Re survival prediction, as mentioned, the packages in the sktime ecosystem (such as skpro) follow the principle that algorithms can be added to the index, where lots of people can find them when they search for them, while the authors retain ownership, possibly even in separate packages.

ryanurbs commented 3 weeks ago

Potentially yeah, i guess it depends more specifically on what you have in mind. We are mainly focused on further developing and improving the algorithms in the Rebate framework, and plan to keep working on them within the current respositories on EpistasisLab and Urbs-lab for the time being, since that's where we cite the code in our related publications.

fkiraly commented 3 weeks ago

The same concept as with skpro and other repos: one "index" repo with systematic testing, and the original algorithms remain in their "home" repositories where they can be cited, versioned, via papers or zenodo. This makes it easier for users such as @ncooder to find an algorithm based on type, tags, properties, date of release, etc

So, the algorithm repositories would be separate if they are maintained, and the algorithms from repositories that are no longer maintained can be moved, or the repositories "revived" along the above lines. The upstream repositories would also get notifications, from continuous integration, if their algorithm fails with the newest versions of numpy, python or the like.

Interested in contributing? I can make a start with this more general concept in mind.

ncooder commented 3 weeks ago

@fkiraly I may not fully understand the process we want to follow. In principle, my idea was to implement an improved version of those feature selectors that is independent of external packages. I see there is a way to include them as third-party software. So if you could please create a place in sktime where I can commit these selectors, that would be great. Thanks.

fkiraly commented 3 weeks ago

yes, good point. Let's start with a simplified plan.

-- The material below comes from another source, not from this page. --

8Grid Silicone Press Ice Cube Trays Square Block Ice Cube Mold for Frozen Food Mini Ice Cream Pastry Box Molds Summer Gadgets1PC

How about you start adding the transformers in a new folder, sktime.transformations.tabular? Just put them in one or multiple files in there, e.g., relief.py, for now.

I can see how these would be useful in a time series setting. And I am happy to add tests for sklearn transformers there, since it's the first such instance.

What do you think? Here's the sklearn extension template: https://github.com/scikit-learn-contrib/project-template/blob/main/skltemplate/_template.py

ncooder commented 3 weeks ago

@fkiraly Many thanks. I will submit a PR with the code, likely this week. I really like your approach, but I am still quite new to GitHub and not able to do anything more sophisticated at this moment. I would really appreciate it if you could message me using the email I provided if you want to pursue something more advanced. Danke!

fkiraly commented 3 weeks ago

Sure! If you're new to open source, I'd say, let's just get started with this small project and take if from there! Looking forward to your PR.